You might have a political or from my experience a faith based reason to vote for an individual. There might be something very specific or a local issue where the candidates have taken a different line outside the national party whip remit. So there are grounds in a few cases for going with a local candidate if you are not particularly tribal. But for me it’s Party first every time. Even if I lived in a constituency of an MP friend from a different party, I would vote against them every time. There are still friends in opposite parties standing this time and whilst I wish them well, I want my party to do well in their constituency!

All these thoughts came about from a Facebook discussion and a tweet from a well known Tory who said he would be happy to see the Labour Party reduced to 4 MPs – including me! So even the most tribal can put these feelings aside.

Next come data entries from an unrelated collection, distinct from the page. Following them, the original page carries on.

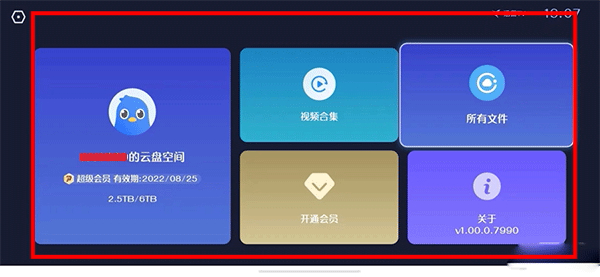 迅雷云盘tv版最新版下载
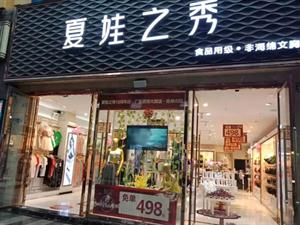 夏娃之秀內衣店鋪圖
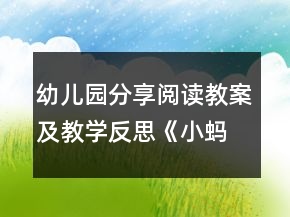 幼兒園分享閱讀教案及教學反思《小螞蟻》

If you get a chance to read the New Statesman this week the article by Robert Skidelsky on the economy and the crash are worth 10 minutes of your time. The biggest victory and con of this coalition has been to pin the global economic recession on Labour. This article highlights the flaws in the arguments and it is fair at criticising some elements of Labour economic and financial schemes if you fear it’s just Tory bashing! As I say well worth your time.


There are some pretty cool ‘endorsements’ around for politicians. I am sure the cynics amongst us don’t think people will vote for a Party just because a celebrity does – but I have to admit getting Professor Hawkins on your side certainly beats Katie Hopkins threatening to leave the country if Laour win. What a great combo – we get to keep Hawkins and Hopkins emigrates. Two great reasons to vote Labour?